Web site shows you where your dollars go, literally and exactly
By Liz Enochs
Bloomberg News Service
BROOKLINE, Mass. Most dollar bills are anonymous. All but about 15 million of them.
That's how many ones and fives, tens, twenties and hundreds have had their journeys around the U.S. and the world chronicled at wheresgeorge.com, a Web site that lets the curious follow their money as it flows through the economy.
The three-year-old site has brought couples together, sparked friendships and inspired classroom projects. It's tracked bills from Natchez, Miss., to Santa Monica, Calif., and from Pittsburgh to Keflavik, Iceland.
"People have told me it's nice to find a highly interactive diversion on the Internet where I'm not trying to sell them anything and I'm not trying to profit off them," said Hank Eskin, 37, the site's creator. "It's just fun."

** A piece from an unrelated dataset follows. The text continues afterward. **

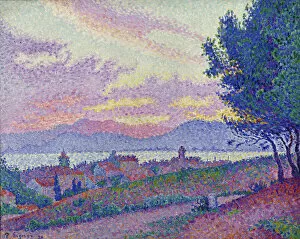 Divisionism Gallery: Vue de Saint-Tropez, coucher de soleil au bois de pins, 1896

The site has attracted more than a million users. Some are inquisitive about where that five-dollar bill they found in the laundromat came from. Others are so obsessive they've spent months recording the serial numbers off thousands of bills in the online database. One user entered more than 121,000.
Enthusiasts usually stamp currency with the Web site's address and a note asking anyone who finds it to record the serial number and the zip code where they spent it. Fans of the site track hits as subsequent users log in the numbers.
The practice doesn't violate any laws. While defacing currency is illegal, merely stamping or writing on bills doesn't fit the Bureau of Engraving and Printing's definition of an improper act: intentionally rendering currency unfit to be used.
The Web site tracks about $89 million of the $584 billion in U.S. paper currency that is in circulation worldwide. Just $195 billion of that is in the U.S., according to the Federal Reserve Bank of New York.
And some of the bills that are tracked take some circuitous journeys. One George as dollar bills with the image of George Washington are called in the Web site's vernacular started its travels at a cinema in Natchez, Miss., in January 2000. Four months later it bought shoes in Santa Monica, Calif. In November, it purchased lunch at a school in Warren, Mich.
By the time this George landed in Twin Rocks, Pa., this month, it was looking wrinkled and old. And no wonder: The average dollar bill only circulates for a year and a half, according to the Fed. The George from Natchez lasted at least six months longer.